[Prompt] For this exercise, repeat exactly the lines below starting at the line holding "Emanuel Souza vence" and ending at the line holding "612-Triebwagen in Hof abgestellt.(31.10.09)", both included, with no extra lines and no pictures.

[Stored data]
________
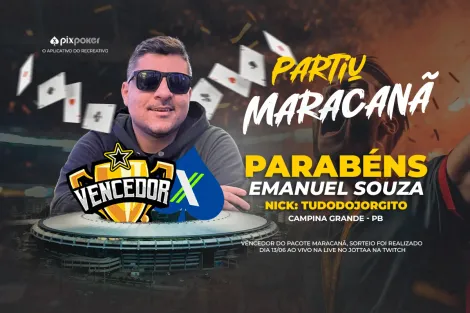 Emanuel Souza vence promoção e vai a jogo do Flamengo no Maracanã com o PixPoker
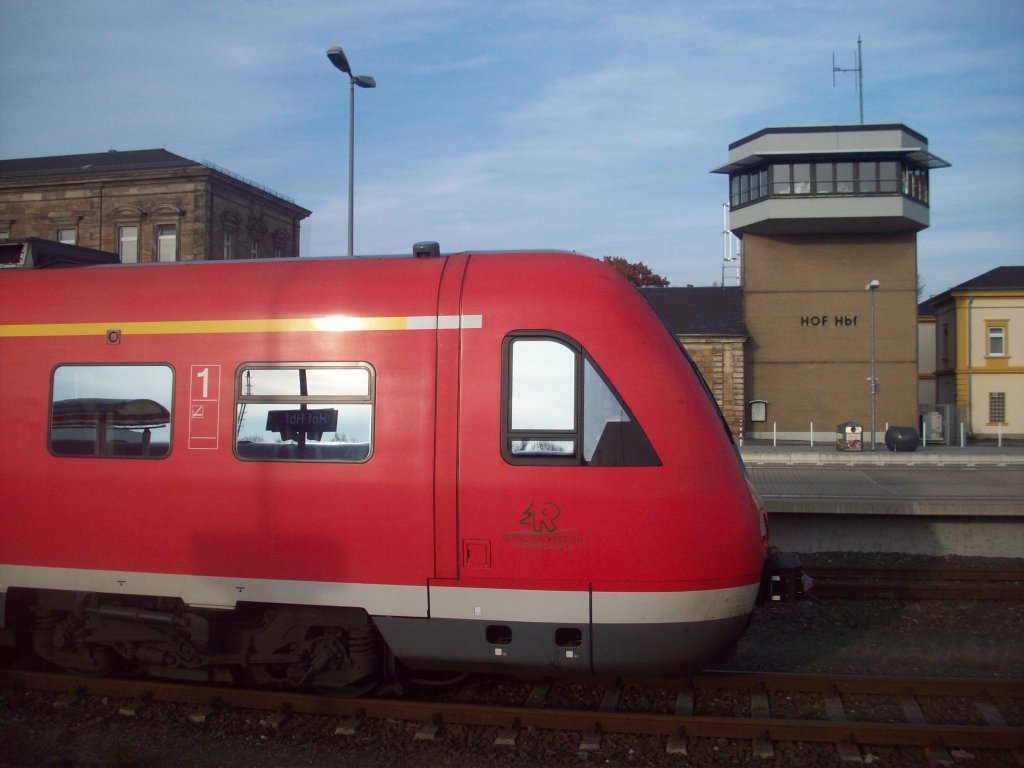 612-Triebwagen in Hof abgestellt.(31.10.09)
________
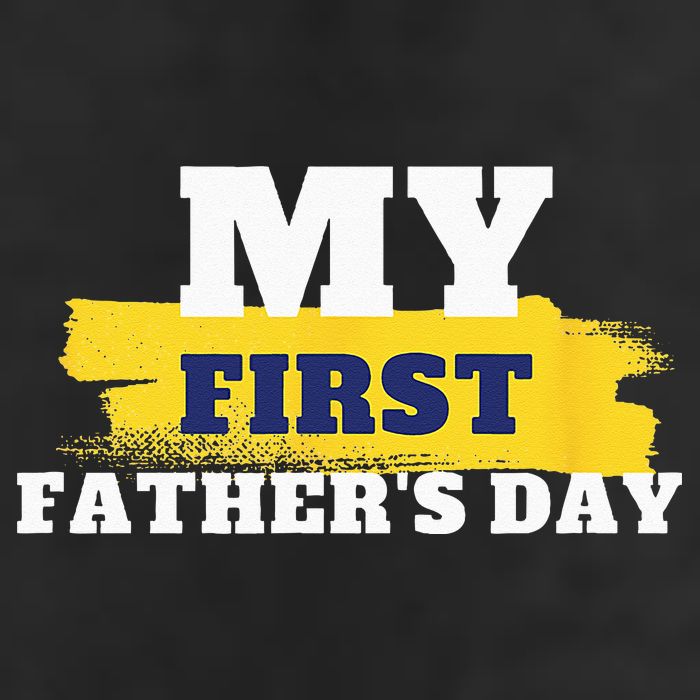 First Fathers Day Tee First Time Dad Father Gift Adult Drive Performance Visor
________
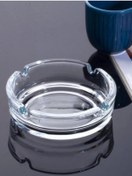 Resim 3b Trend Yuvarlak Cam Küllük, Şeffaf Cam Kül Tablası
________
[Result of the task]
 Emanuel Souza vence promoção e vai a jogo do Flamengo no Maracanã com o PixPoker
 612-Triebwagen in Hof abgestellt.(31.10.09)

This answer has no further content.